Durante semanas, el referido órgano oficial del régimen cubano se dedicó a destacar, en su primera plana, declaraciones y pronunciamientos diversos del fundador de la dinastía, las cuales tienen decenios de antigüedad. Baste, como botón de muestra, el titular del 29 de marzo: “El papel esencial del Partido como vanguardia de la Revolución”. Se refiere a un discurso del “Comandante en Jefe” de octubre de 1964.

La alocución leída ahora por el menor de ambos hermanos encaja a la perfección dentro de ese guión de continuismo a ultranza. Nada ha hecho que la envejecida “dirigencia histórica” cambie su línea. Ni siquiera la impresionante reducción en el número de militantes del partido único: de “cerca de 800 mil” en tiempos del anterior (VI) Congreso a sólo “más de 670 mil”, según acaba de expresar el propio General de Ejército.

Este dato es importante y elocuente. La pertenencia al partido gobernante implica posibilidades, ventajas y prebendas de todo tipo para quien la disfruta. En ese contexto, la disminución de esa membresía en un quince por ciento, en sólo un lustro decursado entre ambos congresos, debería provocar una fundada preocupación en el seno de su dirigencia.

No ha sido así, sin embargo. El orador, tras brindar la cifra, se limitó a argumentar con indiferencia que ello “está influenciado por la negativa dinámica demográfica que afrontamos, el efecto de una política restrictiva de crecimiento desde el año 2004 y las insuficiencias propias en el trabajo de captación, retención y motivación del potencial de militantes”.

¡Colorido eufemismo el de esta última frase! Bonita forma de referirse a la renuencia a incorporarse a sus filas, o a mantenerse en ellas, de quienes se supone que sean los partidarios más fervientes del régimen. ¿No habrá influido en esa repulsa el hecho de que ni siquiera todos los militantes pudieron elegir libremente a quienes los representan en su congreso? Ese es un privilegio que sólo correspondió a los secretarios de núcleos, quienes, para colmo, tuvieron que votar a mano alzada…
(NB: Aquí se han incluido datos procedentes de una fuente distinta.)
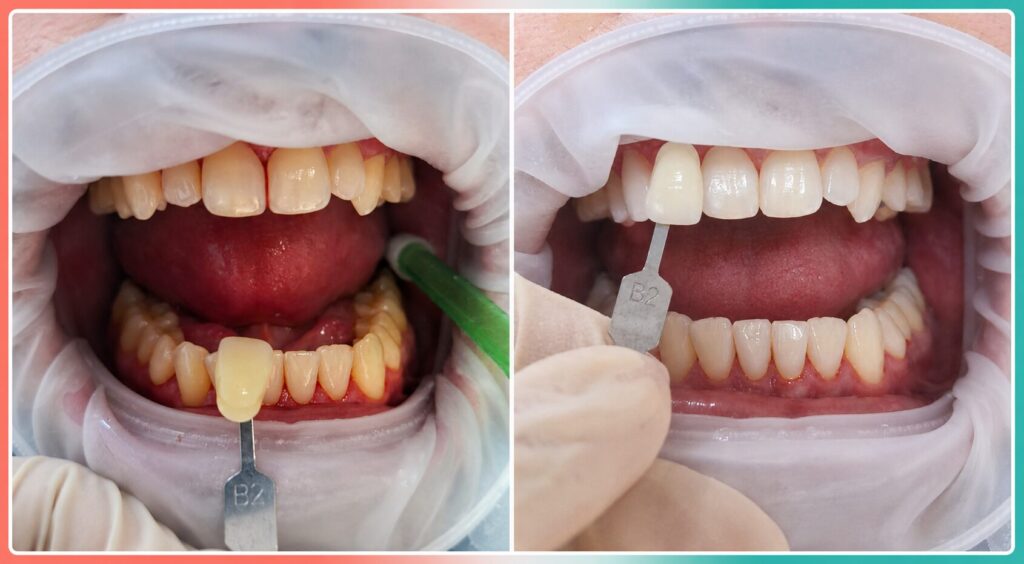 Pacient albire dentara laser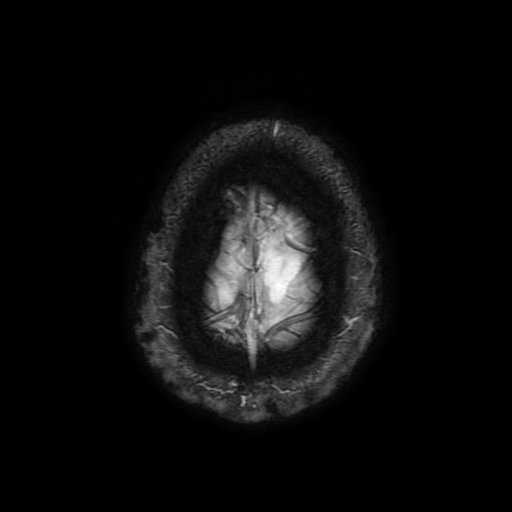 Cerebral cavernous venous malformation (Zabramski type II) (Radiopaedia 85511-101198 Axial SWI 109).jpg
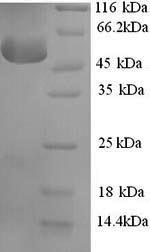 SDS-PAGE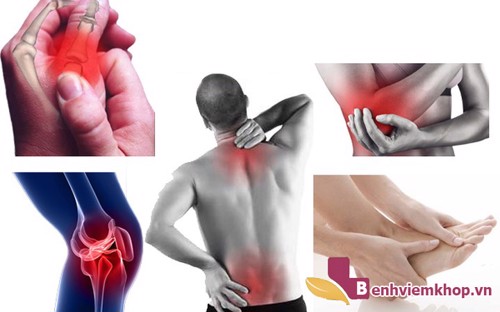 VIÊM XƯƠNG KHỚP thường "nhắm đến" những khớp nào?- Câu hỏi đơn giản nhưng không phải ai cũng biết!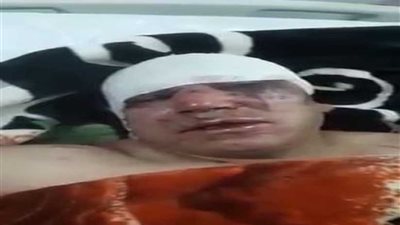 الفيديو.. تفاصيل واقعة الاعتداء على أشهر طبيب قلب في العاصمة الليبية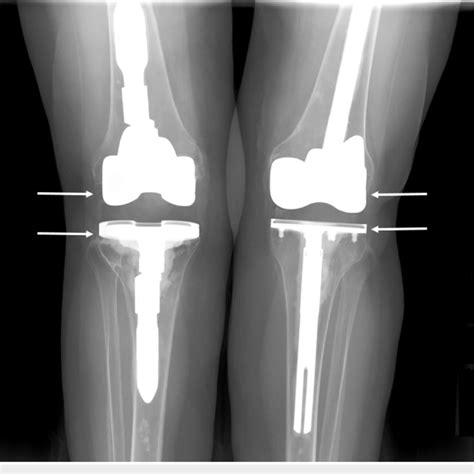 Preoperative X Ray Showing Hardware Prior To Bilateral Revision Total Download Scientific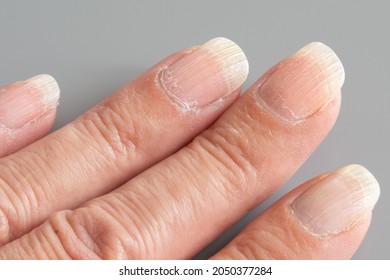 Striated, damaged, desiccated nails, close-up of woman's fingers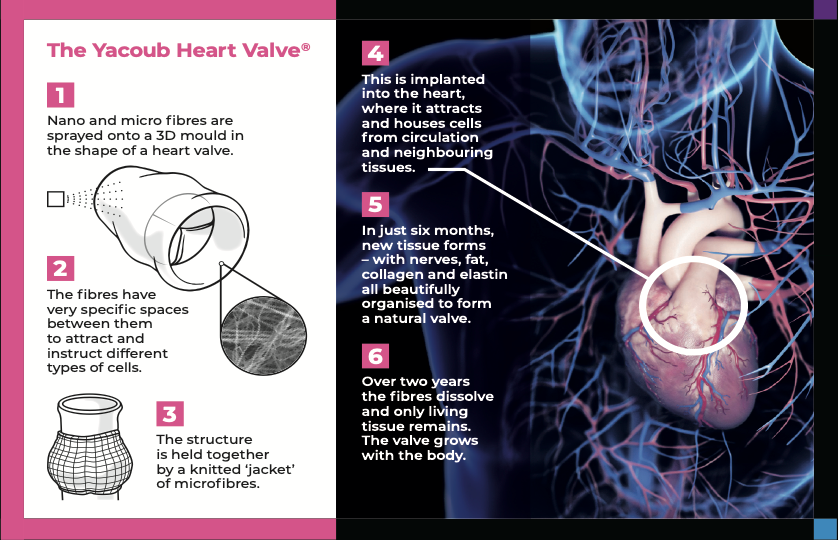Diagram showing how the Yacoub heart valve forms into a living valve over six to 24 months.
Y es a ese movimiento político apagado y disminuido al que su actual Primer Secretario, en uno de los pasajes más importantes de su Informe Central, propone mantener como único partido, a lo cual agrega la frase: “y a mucha honra”. Es de esa forma que el dirigente desafía las demandas que “desde casi todas partes del planeta” (según confesión propia) se dirigen al régimen para que abandone esa política de unipartidismo a ultranza.

El inmovilismo del orador llegó al extremo de plantear, en un pasaje improvisado de su alocución que no aparece reflejado en la versión escrita del Granma, que el artículo correspondiente de la Constitución mantuviese incluso el mismo número 5 que ahora tiene.

Esa peculiar respuesta se antoja aún más contraproducente si tenemos en cuenta que la alternativa del castrismo no era modificar el precepto para sustituirlo –digamos– por las palabras de la carta magna democrática de 1940: “Es libre la formación de partidos y organizaciones políticas”.

Por ahora, habría bastado con no aludir a esa cuestión y, llegado el momento de reformar la Constitución, hubiera resultado suficiente la derogación de ese precepto. Esto no habría implicado el cese automático del unipartidismo actual, pero hubiera representado una pequeña mueca, un guiñito dirigido a aquellos que, en el extranjero, ansían que el régimen haga algún cambio, siquiera diminuto, que justifique sus nuevas políticas conciliadoras hacia el castrismo.

Con este portazo en la cara que han recibido, habrá que ver cómo reaccionarán. ¿Se declararán frustrados? Parece poco probable. Corresponde al pueblo cubano (incluyendo a los militantes descontentos del único partido legal) realizar los cambios que el país necesita. Sin confiar en dudosos apoyos extranjeros.